In co-founding the choir, Tanya Simpson sought to address the imbalance of opportunities for boy choristers with those for girls: “There was no opportunity for girls to experience singing within the liturgy; to gain all that boys could from the training experiences of choristership.” Likewise, the director, Will Dawes, sees room for more equality: “In this day and age, it seems only fair that there is an opportunity for girls — in a city of great choral foundations — to have a go themselves. We’re not trying to break the system, but we are trying to reshape it slightly.”
SO, HOW will these modern-day choristers in the Anglican tradition be incorporated into the pre-Reformation medieval liturgical drama? The Digby manuscript of the play contains a reference to “virgins who shall sing and dance”, although the biggest roles are male: Herod; and a non-biblical role for a clown, Watkin, who is Herod’s messenger, and is sent by Herod to recruit the soldiers to kill the children.

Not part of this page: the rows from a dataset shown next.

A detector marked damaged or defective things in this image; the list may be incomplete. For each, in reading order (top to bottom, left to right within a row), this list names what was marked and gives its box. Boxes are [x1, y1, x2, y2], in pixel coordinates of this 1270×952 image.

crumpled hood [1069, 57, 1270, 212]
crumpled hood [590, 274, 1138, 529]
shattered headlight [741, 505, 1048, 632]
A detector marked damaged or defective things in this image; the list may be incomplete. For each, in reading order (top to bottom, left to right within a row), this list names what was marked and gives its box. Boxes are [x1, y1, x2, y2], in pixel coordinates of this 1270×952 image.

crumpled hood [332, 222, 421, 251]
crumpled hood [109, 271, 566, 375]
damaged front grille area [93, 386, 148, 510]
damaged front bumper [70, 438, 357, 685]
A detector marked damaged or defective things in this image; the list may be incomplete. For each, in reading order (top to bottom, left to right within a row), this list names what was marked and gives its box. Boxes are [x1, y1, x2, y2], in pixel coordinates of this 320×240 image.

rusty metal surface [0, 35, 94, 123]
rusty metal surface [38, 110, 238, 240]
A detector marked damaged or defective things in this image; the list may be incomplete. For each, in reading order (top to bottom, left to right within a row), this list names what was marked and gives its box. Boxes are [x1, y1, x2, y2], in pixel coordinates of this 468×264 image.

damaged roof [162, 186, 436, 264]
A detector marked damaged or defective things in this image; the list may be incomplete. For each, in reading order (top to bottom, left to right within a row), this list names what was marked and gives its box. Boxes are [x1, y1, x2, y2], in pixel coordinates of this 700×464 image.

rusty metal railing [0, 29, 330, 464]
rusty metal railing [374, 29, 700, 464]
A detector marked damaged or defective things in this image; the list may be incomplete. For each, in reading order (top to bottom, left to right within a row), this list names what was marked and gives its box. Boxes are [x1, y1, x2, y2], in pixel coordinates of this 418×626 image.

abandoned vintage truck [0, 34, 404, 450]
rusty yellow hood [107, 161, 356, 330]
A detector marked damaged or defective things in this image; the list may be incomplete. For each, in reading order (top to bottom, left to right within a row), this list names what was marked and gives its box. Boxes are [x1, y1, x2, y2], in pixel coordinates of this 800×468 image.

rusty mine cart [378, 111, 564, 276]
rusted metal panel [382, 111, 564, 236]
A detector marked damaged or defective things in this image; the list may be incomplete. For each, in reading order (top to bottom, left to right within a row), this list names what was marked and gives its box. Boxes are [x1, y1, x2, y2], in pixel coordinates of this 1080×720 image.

But, as Professor Dutton explains, the male characters in the play are subject to ridicule, especially by women: “The adult men are idiots, who are exposed as being cowardly and pathetic. The contrast between them and the innocent singing and dancing virgins will hopefully create an interesting dynamic in the play. . . Because Frideswide Voices choristers are aged between eight and fourteen, some of the older girls are going to play the mothers, who have two or three little speeches each.”
The original play is in English rather than Latin (the language normally used for biblical narrative and liturgy in the Middle Ages), which raises questions concerning the audience — if, indeed, that term can be used — and the purpose of the play. Professor Dutton explains that medieval liturgical drama, and the Mystery and morality plays that incorporated scriptural and liturgical material were not all performed in the same way. “We don’t know entirely about the audiences, but we do know that they weren’t all performed in the same spaces,” she says.
“The York [Mystery Plays], we know, used wagons, moving around the town. Some of the other plays, for example at Wakefield, seem to have been performed on different stages, but, rather than moving the wagons around, the audience moved around. But then you also have plays like the N-Town Mary Play [where N stands for the Latin nomen, or name, so that, wherever it was performed, they could insert the name of the town as appropriate], which I’m pretty certain was written to be performed in a church.
“It makes much more sense in a church space than it does in the outdoors, and it’s also clearly written to teach the liturgy, such as the Magnificat, in Latin and English.”
So these dramatic portrayals of biblical narrative were educational tools for teaching — by means of the spoken word, liturgy, and scripture — but they were also aids to moral improvement, Professor Dutton suggests, perhaps portraying the values of Mary’s Magnificat itself, with the wisdom of the wise overthrowing the powerful: “Because you have the purification in the Temple [Candlemas] and the killing of the children together in this play, you have two events, both of which have to do with children.” Thus the humble children and women making grown male tyrants look foolish depict a world where traditional power balances are overturned.
THERE is more theological and historical evidence why these two stories were joined into one play. “In Bethlehem”, Professor Dutton explains, “the location that was marked out as the site of the Slaughter of the Innocents — a place reverenced by medieval pilgrims as they walked around the holy sites in Bethlehem — was also considered to be the site of the circumcision of Christ.
“So there was a connection, iconographically, between the idea of the first shedding of Christ’s blood, in his circumcision at the presentation in the Temple, and the blood of the Innocents. For pilgrims, both events were commemorated at the same place.”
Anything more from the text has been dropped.